◆ Activity ◆
Without including any images, output the listing below exactly.

◆ Given information ◆

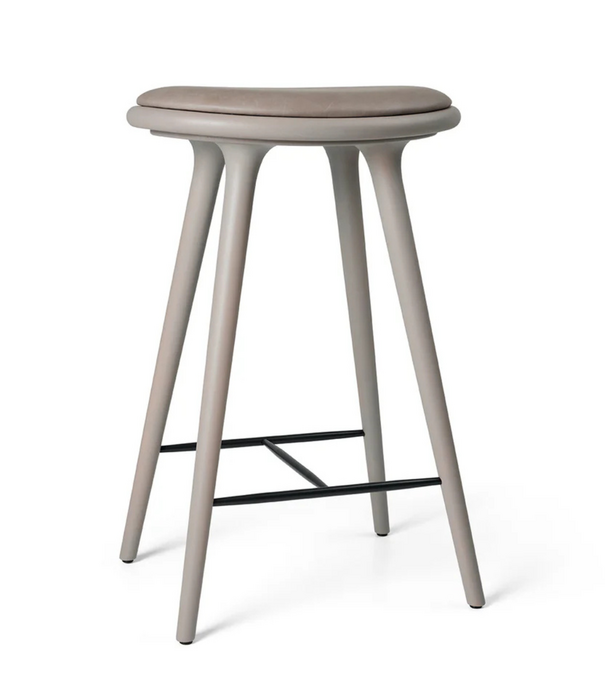 Mater Design  Mater High Stool grey beech, Nuance grey leather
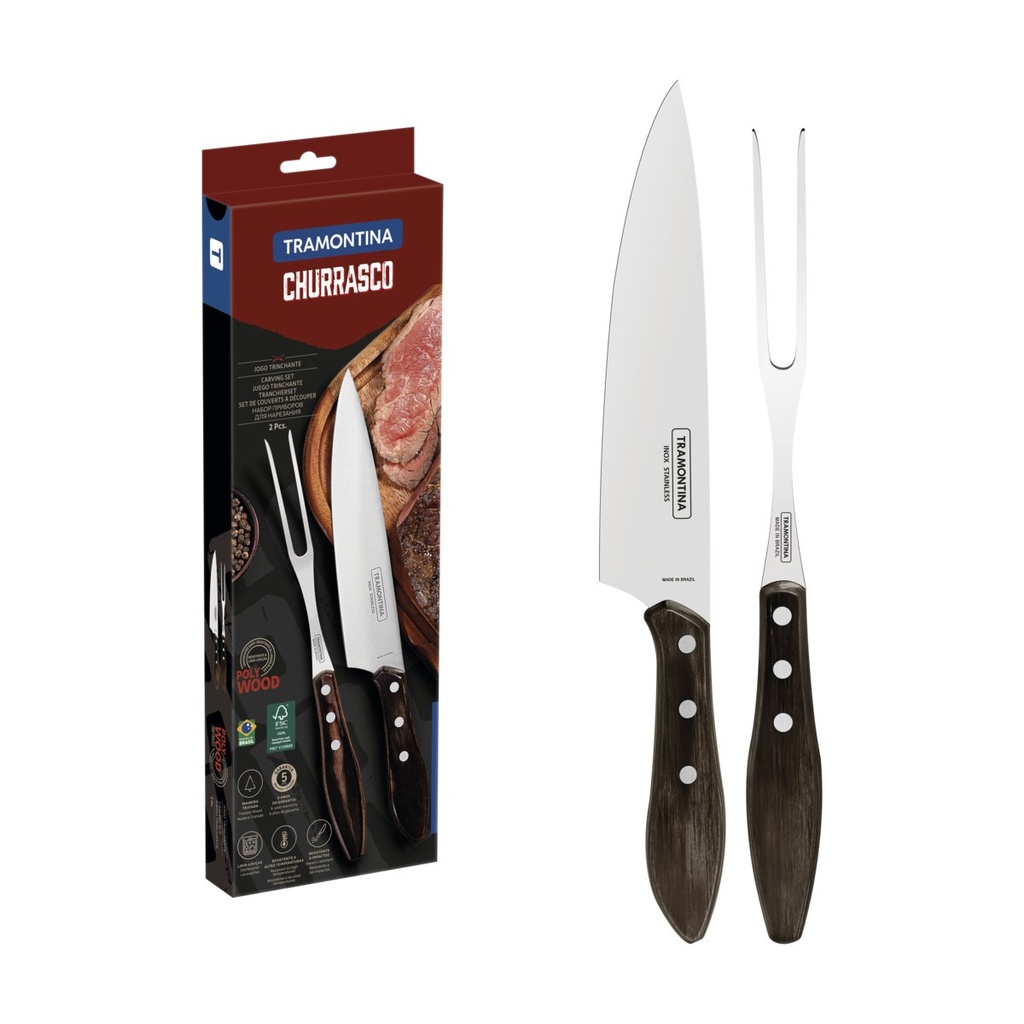 JUEGO PARA CHURRASCO 2 PIEZAS POLYWOOD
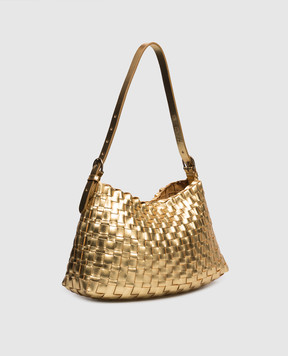 Dragon Золотистая кожаная плетеная сумка Hobo Salvage DGS68170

◆ Answer to this problem ◆
 Mater Design  Mater High Stool grey beech, Nuance grey leather
 JUEGO PARA CHURRASCO 2 PIEZAS POLYWOOD
 Dragon Золотистая кожаная плетеная сумка Hobo Salvage DGS68170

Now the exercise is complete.